REASONS FOR JUDGMENT

Introduction

  1. In Welsh v Allblend Holdings Pty Ltd[1] this Court granted an interim application[2] by the respondent, Allblend Holdings Pty Ltd,[3] for leave to amend its response and defence and to institute a cross-claim against the applicant, Penelope Jane Welsh,[4] and a new respondent, 2B Wizards Pty Ltd.

    [1] [2010] FMCA 281 (“Allblend Holdings (No. 1)”).

    [2] “Interim Application”

    [3] “Allblend Holdings”.

    [4] “Ms Welsh”.

  2. The issue of costs arose in the context of possible prejudice to Ms Welsh in granting leave to amend the pleadings, and then again at the time when the judgment in Allblend Holdings (No. 1) was handed down.

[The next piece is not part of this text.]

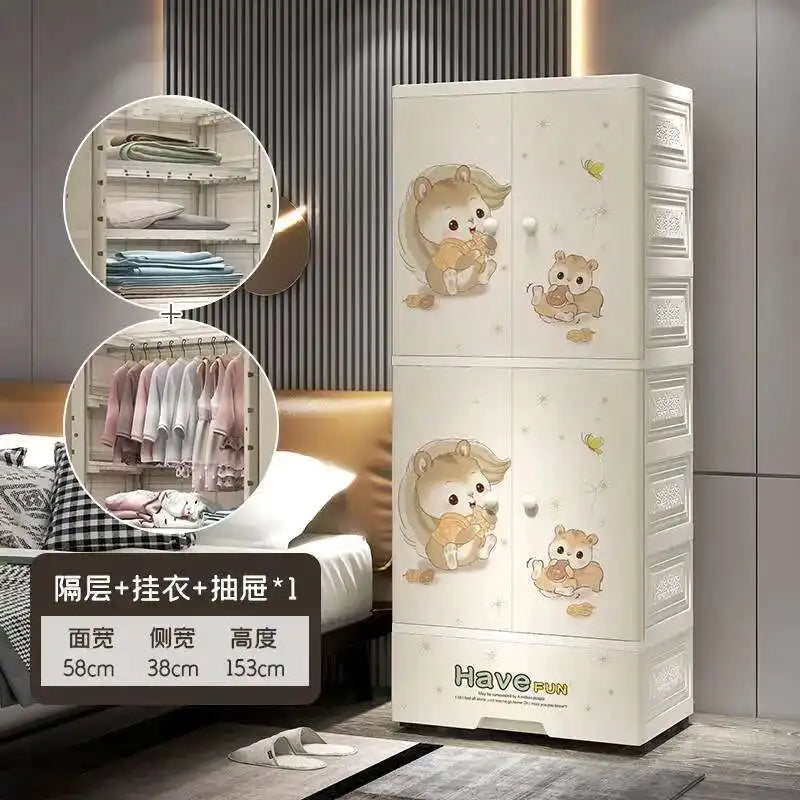 Armoire bébé en plastique – Armoire de rangement à motifs pour filles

At that time, the question of costs was adjourned to a directions hearing six days later. Due to the non-attendance of any representative for Allblend Holdings that directions hearing was subsequently adjourned to 24 May 2010. On 24 May 2010 Counsel for Allblend Holdings advised the Court that he had been unable to obtain any instructions on the matter, and was therefore not in a position to advance argument on the question of costs. The matter having been:

    a)adjourned once because of the non-attendance of any representative for Allblend Holdings; and

    b)set down on 29 April 2010 for further hearing on costs on 24 May 2010,

    the Court determined to hear argument from Counsel for Ms Welsh on the question of costs. The Court did so having regard to statutory provisions which require it to act informally, without undue protraction, and using streamlined procedures.[5] These Reasons for Judgment deal with the question of costs.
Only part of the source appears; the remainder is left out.